Tous ces discours s’inscrivent dans la stratégie implicite d’une défense de connivence s’efforçant de prouver l’innocence des accusations portées contre la communauté musulmane en cherchant à établir une connivence avec ceux qui portent l’accusation. La volonté d’établir cette connivence, en invoquant des références communes notamment, marque également le besoin d’une « communauté paria » de se voir accorder une place, même subalterne, dans une société structurée par le racisme.

Mais, évidemment, cette défense de connivence est vouée à un éternel échec car les accusateurs ne souhaitent nullement établir la moindre connivence avec ceux qu’ils désignent comme leurs ennemis. Ces accusateurs considéreront toujours que les professions de foi patriotiques, républicaines ou laïques des musulmans sont des ruses sournoises camouflant des buts inavouables. Ils considéreront, par exemple, que les appels au libre choix vestimentaire des femmes ne sont que des faux-nez servant à légitimer le port du hijab.

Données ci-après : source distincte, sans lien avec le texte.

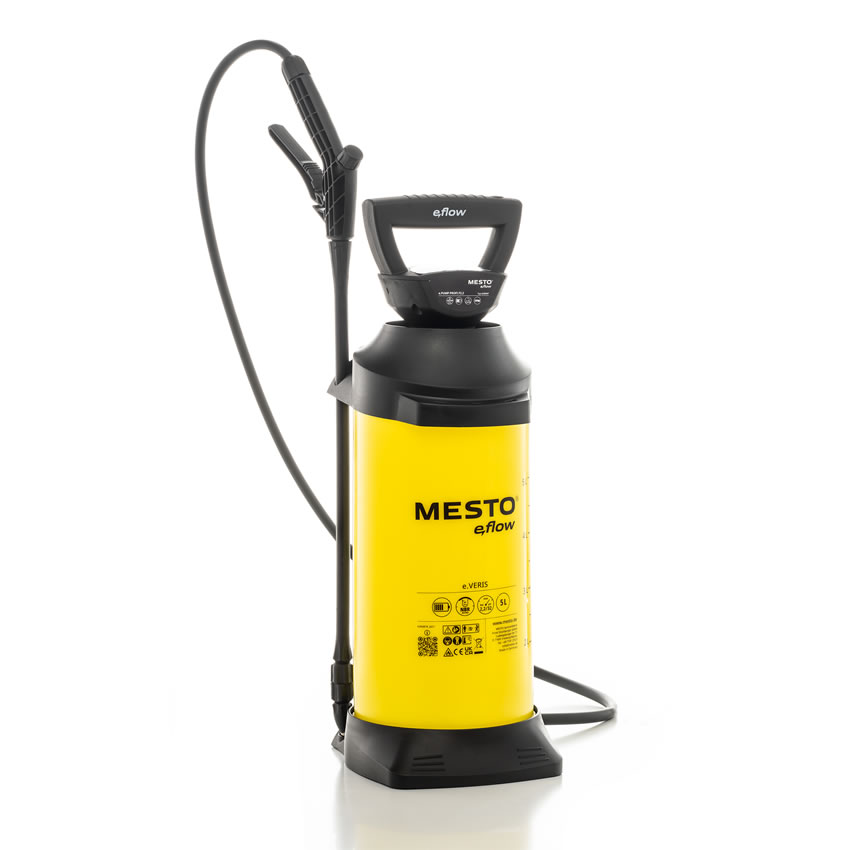 Mesto Akku-Drucksprühgerät e.VERIS 5 Liter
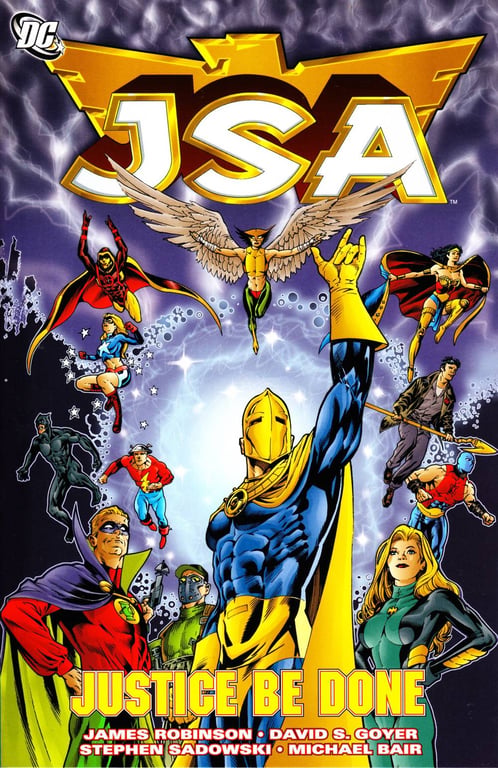 Book: Jsa: Justice Be Done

Ainsi, la défense de connivence ne peut conduire qu’à une succession d’échecs car les accusateurs n’ont nullement l’intention d’établir la moindre connivence avec les musulmanes ou les musulmans.

Face à cet échec programmé de la défense de connivence, revenons à l’alternative que nous proposait déjà Jacques Vergès durant la Révolution algérienne, c’est-à-dire à la défense de rupture.

Dans cette perspective, il ne s’agit plus de prouver l’innocence des musulmans face aux accusations qui sont portées contre eux mais de dénier aux juges du tribunal médiatico-politique toute légitimité pour juger les musulmans. Ainsi, les musulmans devraient se faire accusateurs car les juges du tribunal médiatico-politique ne possèdent aucune légitimité ni aucune compétence pour juger la communauté musulmane.

En quoi des médias propriétés de quelques grandes fortunes acquises notamment grâce à la colonisation, comme le groupe Bolloré qui est présent en Afrique depuis 1927 ou le groupe Bouygues présent en Afrique depuis 1960, sont-ils légitimes pour juger la communauté musulmane dont l’immense majorité des membres sont des descendants de colonisés ?

En quoi des membres d’organisations politiques ayant participé à la colonisation sont-ils légitimes pour juger la communauté musulmane ? En quoi des femmes et des hommes politiques se réclamant d’hommes impliqués dans des crimes coloniaux de masse sont-ils légitimes pour mettre en accusation la communauté musulmane ? En quoi la référence à une République qui a colonisé durant plus de quatre-vingt dix ans, est-elle légitime pour mettre en accusation les musulmans ? En quoi les descendants de ceux qui ont jeté des dizaines d’Algériens dans la Seine le 17 octobre 1961 sont-ils légitimes pour juger les descendants de ceux qui ont survécu à ce massacre ?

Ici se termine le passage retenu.